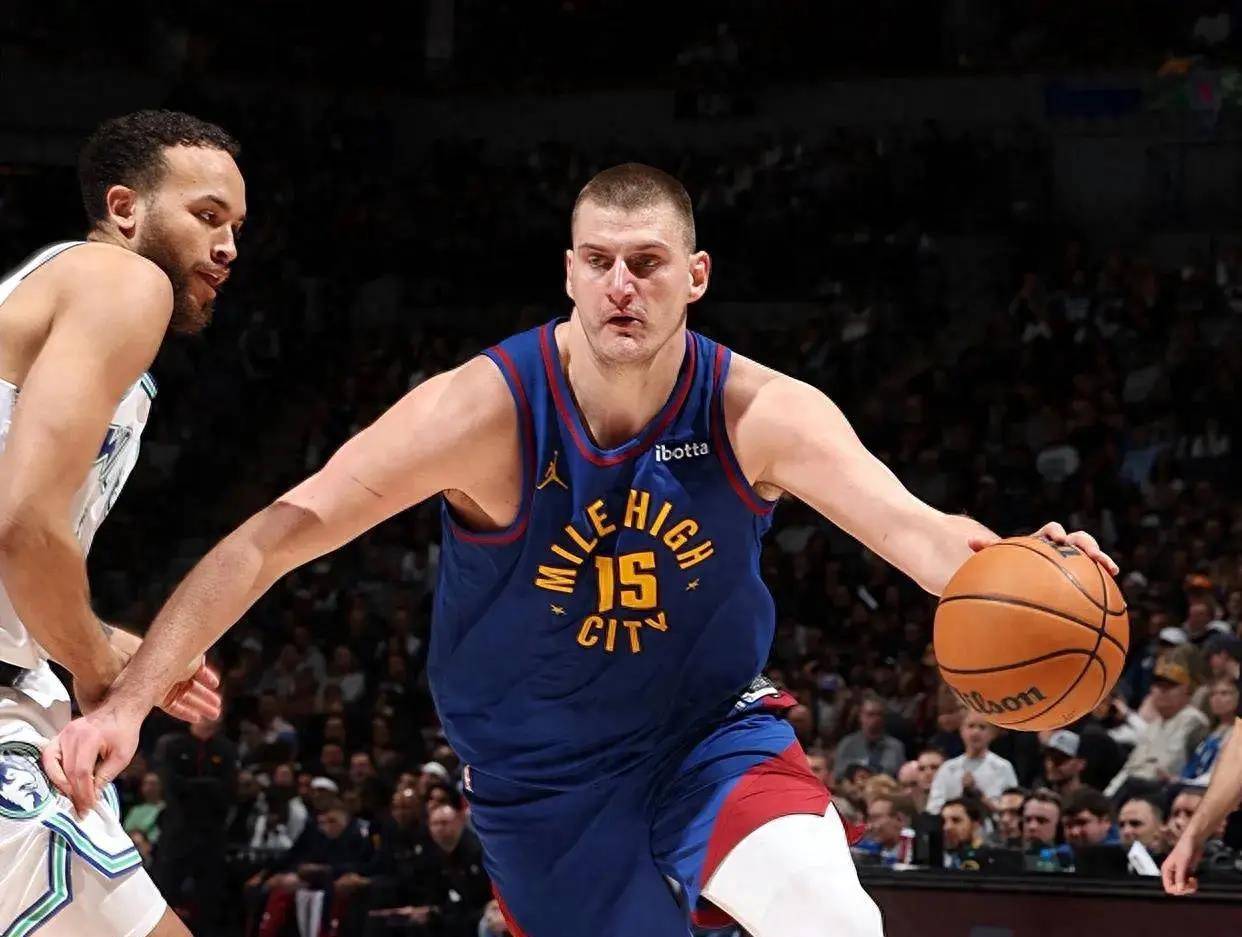 约基奇轰3516仍无缘今日最佳对不起你碰到nba怪兽了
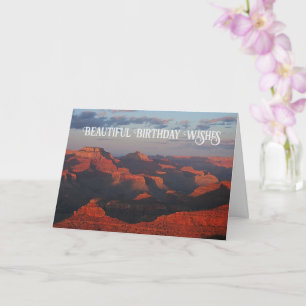 Carte Anniversaire Paysage Naturel Magnifique Grand Cany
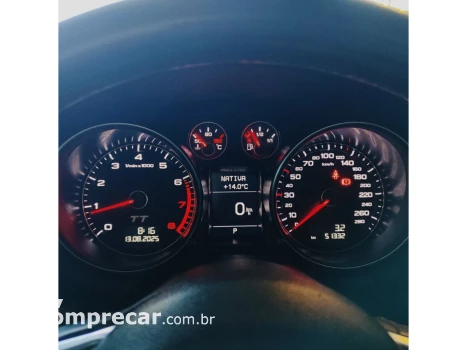 TT 2.0 TFSI COUPÉ 16V 211CV GASOLINA 2P S-TRONIC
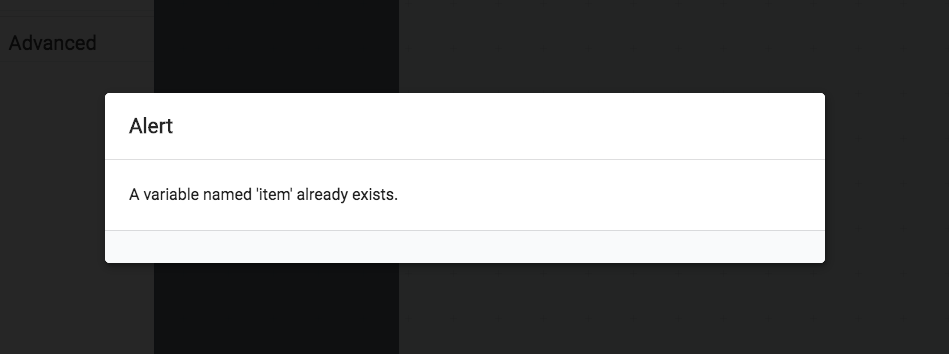No OK button in Blockly alert dialog · Issue #2764 · microsoft/pxt · GitHub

:: Aim of the exercise ::
Leave the pictures out and retype only the lines from the line with "Carte Anniversaire Paysage" through the final line of the material, both ends included, word for word.

:: Solution for this exercise ::
 Carte Anniversaire Paysage Naturel Magnifique Grand Cany
 TT 2.0 TFSI COUPÉ 16V 211CV GASOLINA 2P S-TRONIC
No OK button in Blockly alert dialog · Issue #2764 · microsoft/pxt · GitHub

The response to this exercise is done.